Organica en El Cielo
When my friend Christy came to visit, back in June and but a few months after the move here, her initial impression was one of shock; she stood in wonder at how American the city of Bogota felt. And I had to second that observation. The cars are US-sized: no chic, miniature Euro machines here. Modern architecture abounds: sleek glass windows, clean lines, plenty of metal and brick. Traffic, smog, trendy fashions and bustling sidewalks are all reminiscent of big cities back home.
I think Christy was a bit disappointed that there wasn’t more of an authentic, foreign feel. Where were all the Latin-American tells? The overflowing fruit stands, homemade signage, horseback travelers, mobile mariachi bands? Look, I know this isn’t Mexico. But surely somewhere, some things must be Colombian-originals?
When you live in a place, you’re often oblivious to or apathetic about its best attributes. I don’t know how many Coloradans I’ve met who never once set ski boot down in the mountains. It’s a lot.
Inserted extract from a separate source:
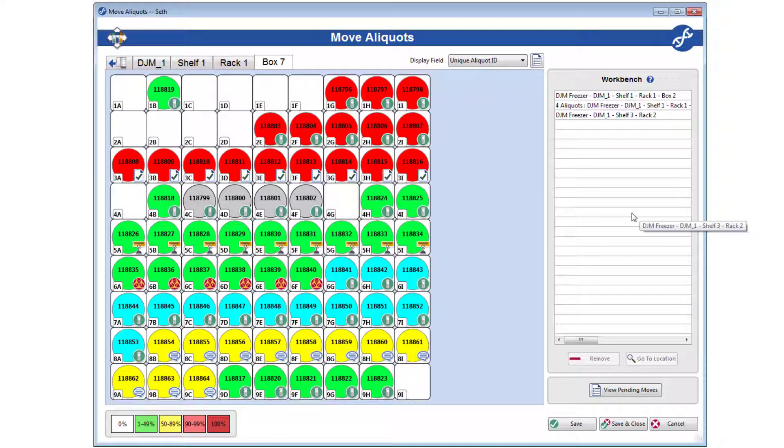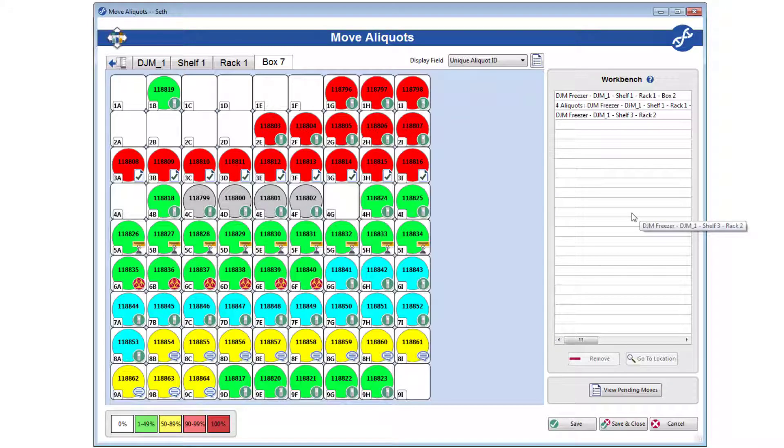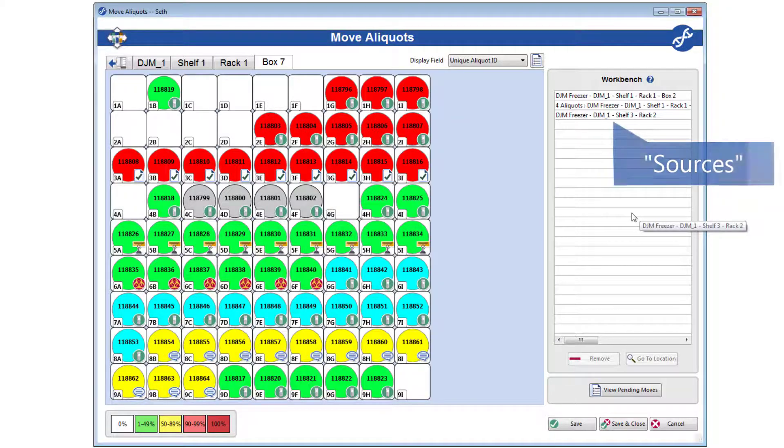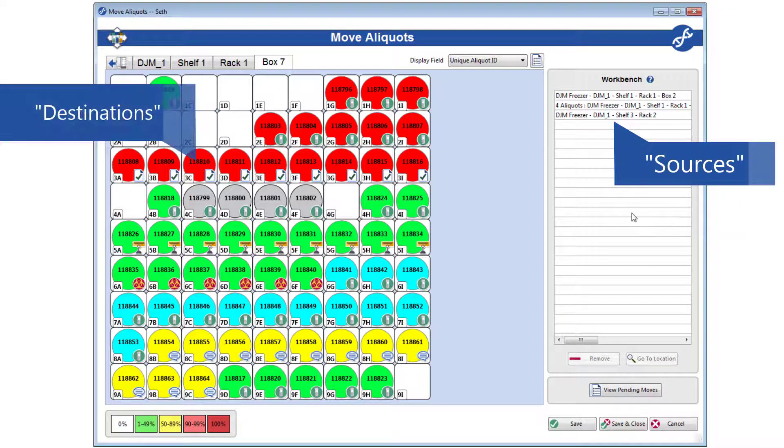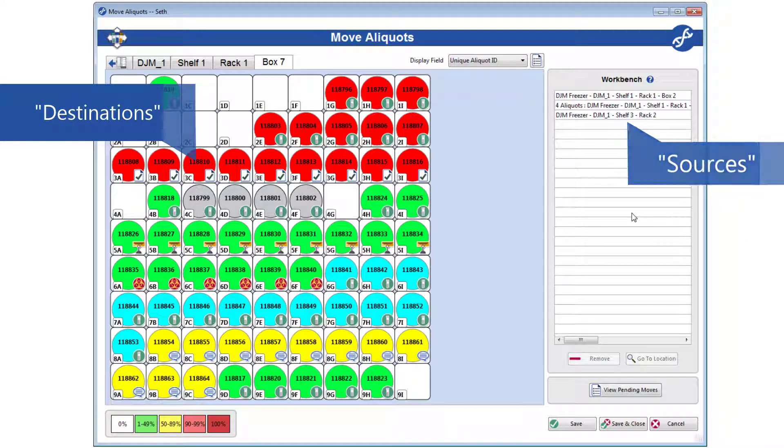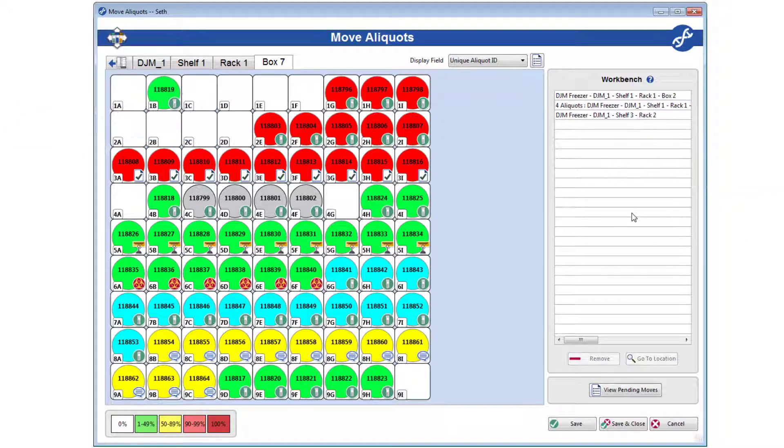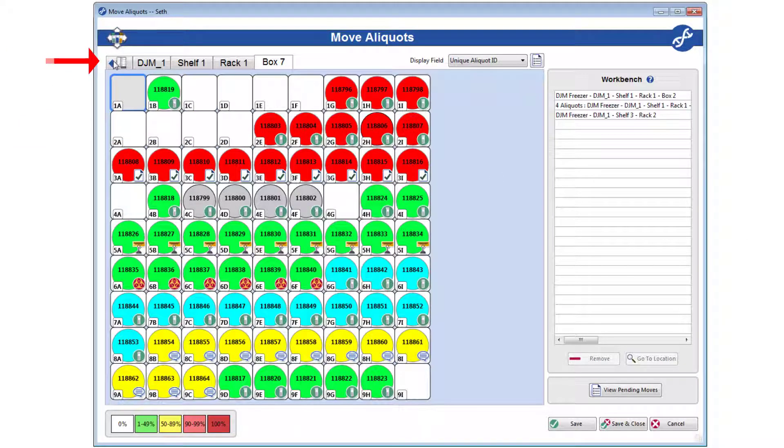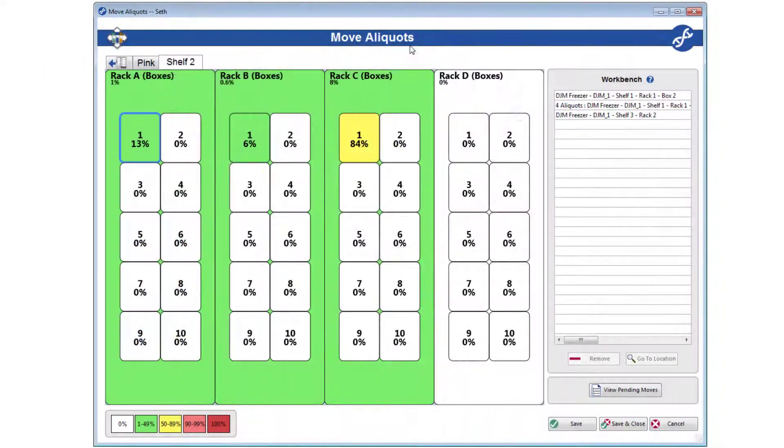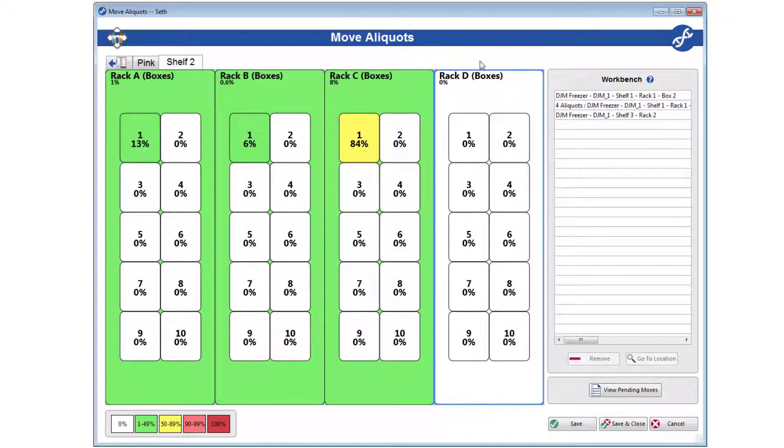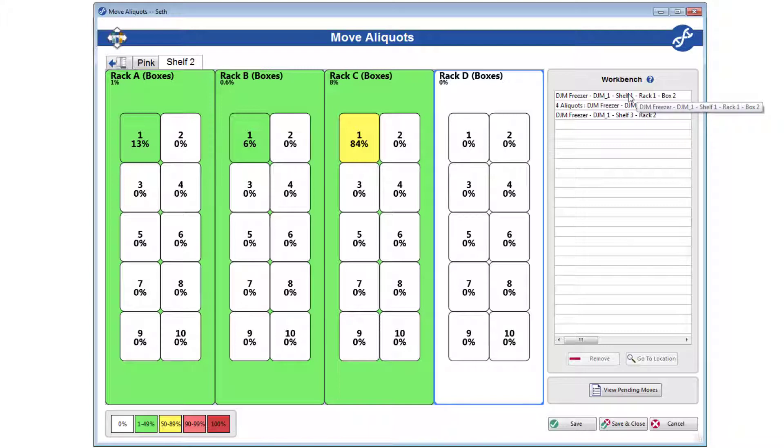Now, once you have all of the aliquots and subdivisions you want to move on the workbench, aka the sources, it's time to find their destinations. Again, if you need to change freezers, use this first tab. Once you find the location you want to move aliquots to, click and drag the source objects from the workbench to the desired destinations in the picture.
Or how many Austinites have yet to experience SXSW. Or how many Waco-natives have never… well… I guess that’s where the analogy goes quiet. Though a mighty few seem to know what a historic piece that suspension bridge is.
For myself, I had no idea La Calera was the legit deal, just a forty minute drive out of Bogota, up the mountains and down into a valley of tourist-town, yes, but also real, I’m-in-a-new-country-now Colombia. We went on Saturday to check out Organica en El Cielo, advertised as a restaurant/picnic/garden/kid-friendly activity experience. The pictures online enticed: all-white wood walls, ceiling and furniture inside a dining room seamlessly blending rustic and formal elements. It reminds me of Beatrice & Woodsley in Denver. I’m an ambience girl, and this place screamed awesome.
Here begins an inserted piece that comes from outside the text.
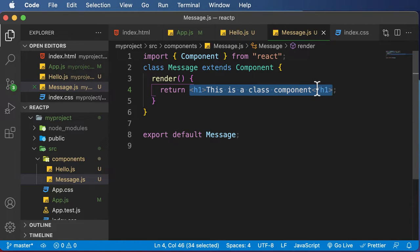JSX is actually an extension to JavaScript language syntax. Now, the question is why exactly would you use JSX instead of plain simple HTML? And the answer is quite simple.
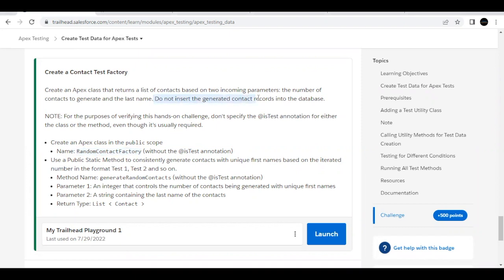We are not going to insert it, as mentioned in this challenge. You can check it out here that do not insert the generated contact records into the database. Then we are going to create a public static method in which two parameters will be passed. First will be the count of type integer, which is the number of contacts to be generated. The second parameter is of type string which will contain the last name.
As I’m coming to expect here, pictures undersell the reality. El Cielo is the perfect spot for any afternoon gathering. We pulled up and a young lad helped us park, right in front of a large, blooming garden. He led the way up a little rock walkway to the restaurant’s outside dining area – refinished and painted wooden picnic tables on clean green grass beneath a canopy slatted to let plenty of sun in. Music playing (I heard Jack Johnson for the first time in years. It is the soundtrack for weekend living), breeze blowing, Rose wine. I mean, this place was perfect.
My fish – cooked on a plantain, in a plantain leaf – was delicious, but I kind of wish we’d gone for the picnic order. They bring it to you in a great, weaved basket. Red-checkered blanket included. Thank you! Next time, that’s the ticket. And because the weather was gorgeous, no one opted for indoor seating, though I took a peek around, and the space is every bit as fabulous as the internet would have you believe.
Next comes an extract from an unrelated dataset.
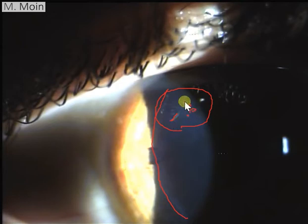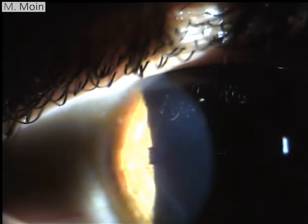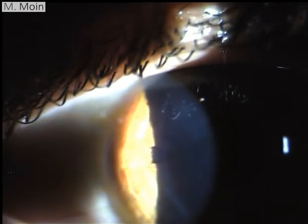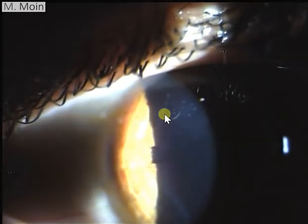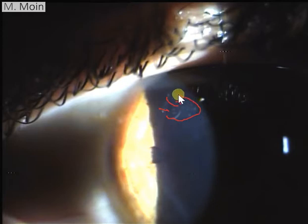This is an important and interesting finding - this is actually an area where the epithelium ingrows from the flap. When the flap is being made, what happens is the epithelium goes inside from this area and proliferates in this area.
We hiked up to take in the view of La Calera’s man-made lake, though the opposite vista, showcasing the mountainside and its grazing cows, was much better. That is, if you ignored the massive cement factory to the right. It’s quite the photo-bomb. Thankfully, it’s not visible at all from the rest of El Cielo below, where you can stroll through the garden, set up for a rousing croquet match, or partake of this bizarre game (native to Colombia: win!) called Tejo. It involves throwing a puck/disc onto a dirt-covered board that has gunpowder, somewhere, which causes an explosion-sound, if you’re being successful. It’s weird.
Which El Cielo is not. It’s beautiful. It’s idyllic. I can’t imagine a better spot to relax with friends and family. The atmosphere begs you to dive into the present, take in the extraordinary scenery and bask in a peaceful hiatus from city-living. Heavenly? Why yes.